For instance, even in this case, the diseases is being preliminarily identified as Scrub Typhus, a disease caused by the bacteria Orientia tsutsugamushi, according to the Centres for Disease Control and Prevention (CDC). The National Institute of Virology had first identified the prevalence of the disease in 2017. The public health institutions for sure could have prepared themselves well to tackle the disease and limit the tolls to minimum. Obviously, they did not! And even when they identified the disease, that was after it had already caused considerable harm and claimed dozens of lives, they took time to properly identify it to spread awareness.
That is a foolproof recipe for disaster in the times of a pandemic ravaging the country and the world. The fact that both the diseases share some symptoms like fever, runny nose, headache and so on was not going to make it any easier. It did not.
Blaming the health authorities alone, though, is not justified given the health infrastructure, rather the lack of it in wast swathes of India. The Economic Survey 2019-20 revealed a huge shortage of doctors in the country. The doctor-population ratio in India is 1:1456 against the World Health Organization recommendation of 1:1000. The data, though, tells only half the tale. A huge number of these doctors work in the private sector and are thus available to the poor, in other words the neediest, in a country where out of pocket health expenditure is one of the single biggest reason for people falling in poverty.
Further, as per WHO’s own data, 17.3% of the Indian households are forced to spend more than 10% of their income on health expenditure alone while 3.90% Indian households get forced to spend a whopping, more than 25% of their income on health expenditure! The Public Health Foundation of India (PHFI), a civil society organisation, had found that out of pocket expenditure on health had pushed 55 million Indians into poverty in 2017 alone. The facts that the PHFI was using the official Indian standard for poverty line–a monthly expenditure of Rs 816 (approximately USD 11.16) in rural areas and Rs 1,000 (Aprrox. USD 13.6) in urban areas and this was before pandemic area can easily bring out the gravity of the situation in post pandemic India.
Just to put these numbers in context, the WHO puts the international poverty line at USD 1.90 per day, four times more than what officially recognised Indian urban poor earn per day!
Similar is the story of number of hospitals, including beds in the country. Going by the estimates of the union health ministry and CDDEP-Princeton University, India has only 13.76 beds per 10,000 people. The condition was even worse in the government sector, the only hope of the poor; they have only 5.2 beds per 10,000 people. The study has estimated the total number of hospitals at 69,265 hospitals with 1,899,228 beds across the country. Another study by a housing portal, 69% of these beds are concentrated in urban centres.

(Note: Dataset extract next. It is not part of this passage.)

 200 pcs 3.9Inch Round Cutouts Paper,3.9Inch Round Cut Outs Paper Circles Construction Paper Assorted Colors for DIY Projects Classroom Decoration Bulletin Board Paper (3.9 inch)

What hope, then the poor can have other than seeing the officials deny them services in the name of ‘mystery fevers’ for a very simple diseases, Scrub Typhus, that is already identified and is very easily curable! When there are not enough doctors are beds, even hospitals in the countryside, who can expect them having labs to easily identify such diseases and cure them.
The country, though, needs to wake up and work on building health infrastructure serving the poor, as diseases do not harm individuals and families alone. They cost the economy too a lot. That is beside the point that as a signatory to the United Nations’ 2030 Agenda for Sustainable Development, comprising of seventeen Sustainable Development Goals (SDGs) at the Sustainable Development Summit of the United Nations in September 2015, India is obligated to eradicate poverty. That is impossible till the country overhauls its public healthcare system.